> PROVIDED RECORDS

● ● ●

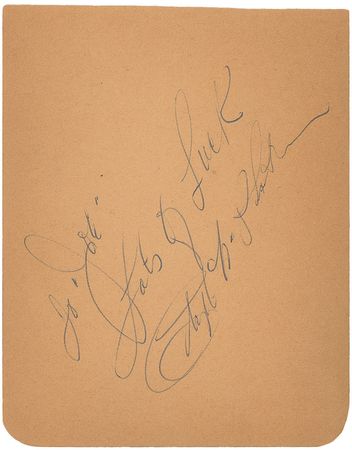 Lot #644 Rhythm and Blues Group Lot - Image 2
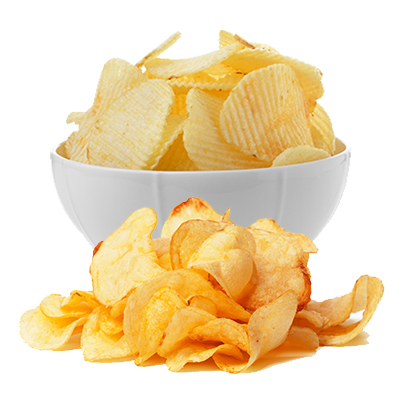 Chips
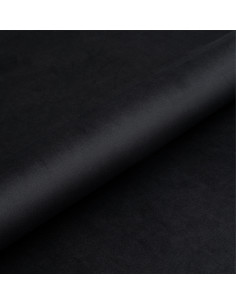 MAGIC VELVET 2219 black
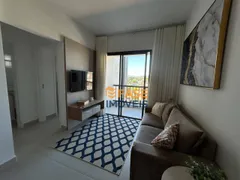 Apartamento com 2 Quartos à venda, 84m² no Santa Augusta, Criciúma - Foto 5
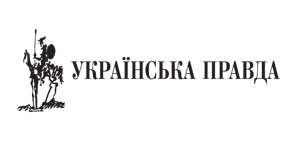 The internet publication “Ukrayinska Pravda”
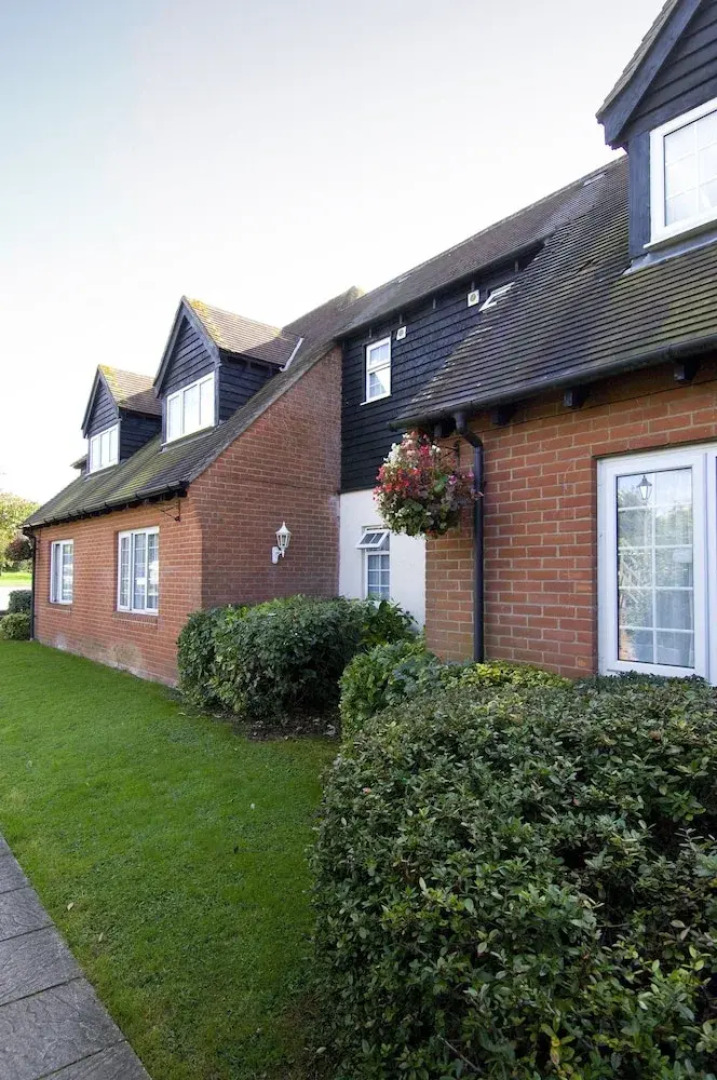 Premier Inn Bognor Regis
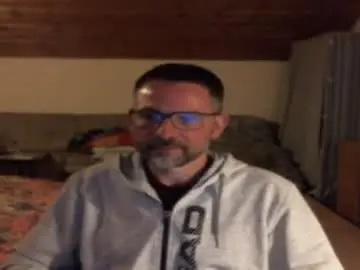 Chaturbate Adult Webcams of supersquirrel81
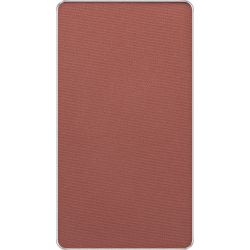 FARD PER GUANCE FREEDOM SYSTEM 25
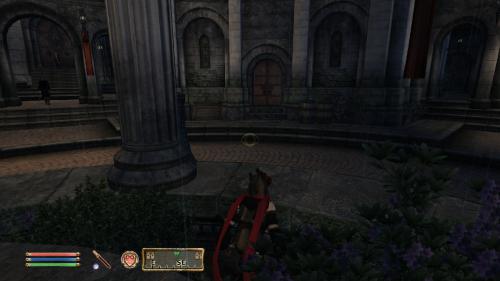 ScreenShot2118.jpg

● ● ●

> DIRECTIONS
A verbatim copy of every entry is wanted; the pictures stay out of it.

> ANSWER FOR THE TASK
 Lot #644 Rhythm and Blues Group Lot - Image 2
 Chips
 MAGIC VELVET 2219 black
 Apartamento com 2 Quartos à venda, 84m² no Santa Augusta, Criciúma - Foto 5
 The internet publication “Ukrayinska Pravda”
 Premier Inn Bognor Regis
 Chaturbate Adult Webcams of supersquirrel81
 FARD PER GUANCE FREEDOM SYSTEM 25
 ScreenShot2118.jpg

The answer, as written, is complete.